Posté le par La rédaction dans Entreprises et marchés

[EXPOSITION]

Du 18 février au 17 mai 2015, le palais de Tokyo invite scientifiques, poètes et artistes de tous bords à se côtoyer au « bord des mondes », une exposition collective dont le charme fou et foutraque devrait pouvoir opérer en douceur. Zoom sur cinq inventeurs coup de cœur.

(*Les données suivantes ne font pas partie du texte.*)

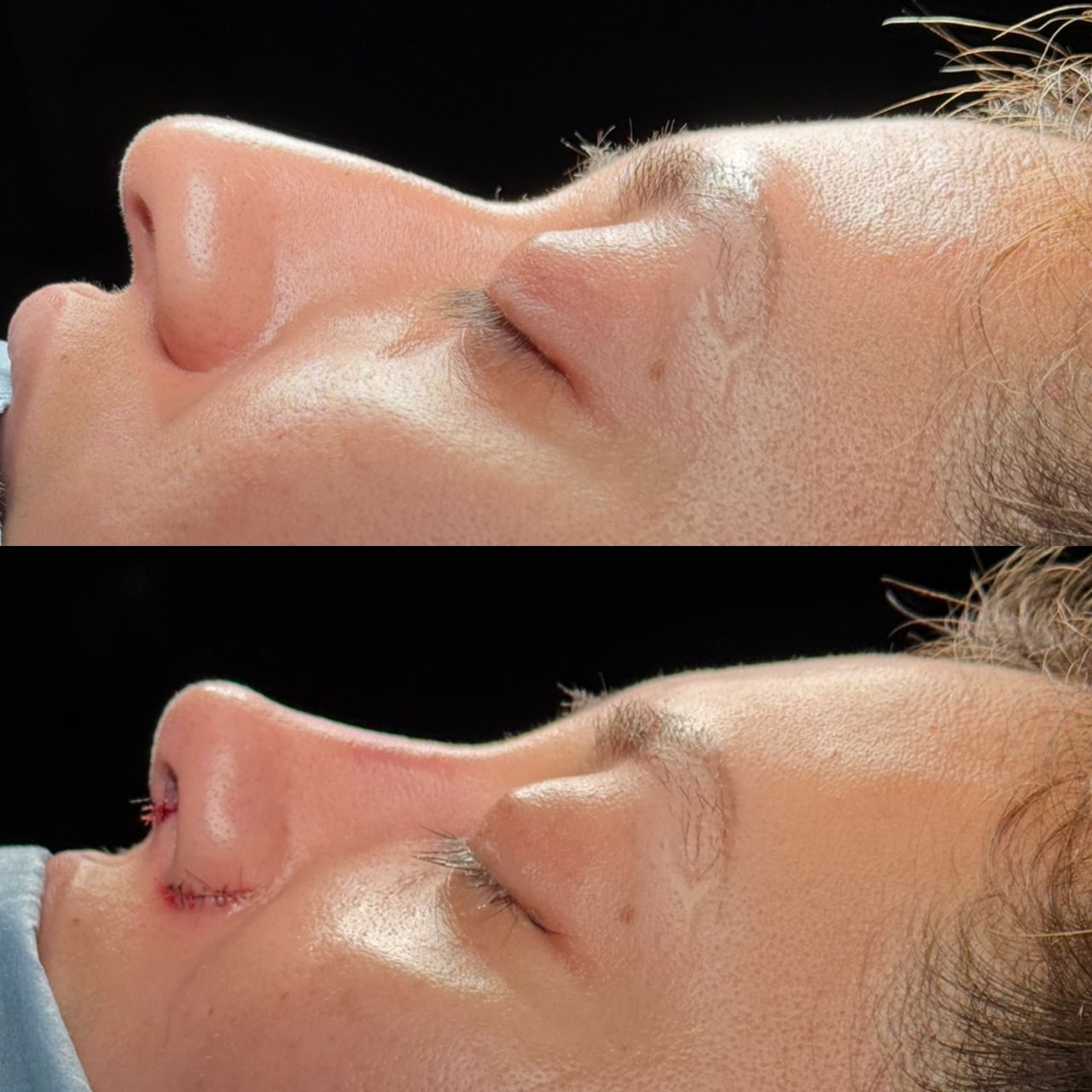 Angel Castro Urquizo-219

Envie de voir l’une des sublimes sculptures cinétiques de Theo Jansen, l’un des merveilleux pièges à brume de Carlos Espinosa, ou l’un des effrayants clones « géminoïdes » d’Hiroshi Ishiguro ? Le Palais de Tokyo réunit du 18 février au 17 mai 2015 une flopée d’artistes, scientifiques et créateurs de tous horizons dans une exposition collective venant bousculer nos certitudes sur les frontières établies entre territoires artistiques balisés, inventions pures et loufoqueries créatives. Les interrogations de Marcel Duchamp sur l’essence-même d’une œuvre artistique viennent rythmer dans l’ombre « Le bord des mondes », exposition unique qui nous jette en pâture l’un des monstres tubulaires de Theo Jansen, les « chindōgu » inutilisables de Kenji Kawakami, la « topographie des larmes » de Rose-Lynn Fisher, les « attrape-nuages » de Carlos Espinosa et les clones dérangeants d’Hiroshi Ishiguro.

Le bord des mondes

Quand ? Du 18 février au 17 mai, de midi à minuit

Où ?  Palais de Tokyo à Paris

 

 

 

 

 

 

Petit tour d’horizon de l’exposition avec la présentation (pages suivantes) de cinq oeuvres :

  • Les monstres tubulaires de Theo Jansen 

  • Les « chindōgu » de Kenji Kawakami 

  • « Topographie des larmes », de Rose-Lynn Fisher

  • Les « attrape-nuages » de Carlos Espinosa

  • Les clones « géminoïdes » de Hiroshi Ishiguro

 

Les monstres tubulaires de Theo Jansen 

Le travail de Theo Jansen s’articule depuis près d’une vingtaine d’années autour du développement d’une espèce rare de monstres tubulaires de son cru, les « Strandbeasts » (ou créatures de plages), sculptures cinétiques imposantes contenant tout ou seulement quelques parties en mouvement. Le génial artiste néerlandais dit s’inspirer de la théorie de l’évolution génétique pour faire évoluer ses sculptures. En véritable Frankenstein de l’art cinétique, il s’est retrouvé à la tête d’une petite flottille de créatures mobiles quasi-autonomes.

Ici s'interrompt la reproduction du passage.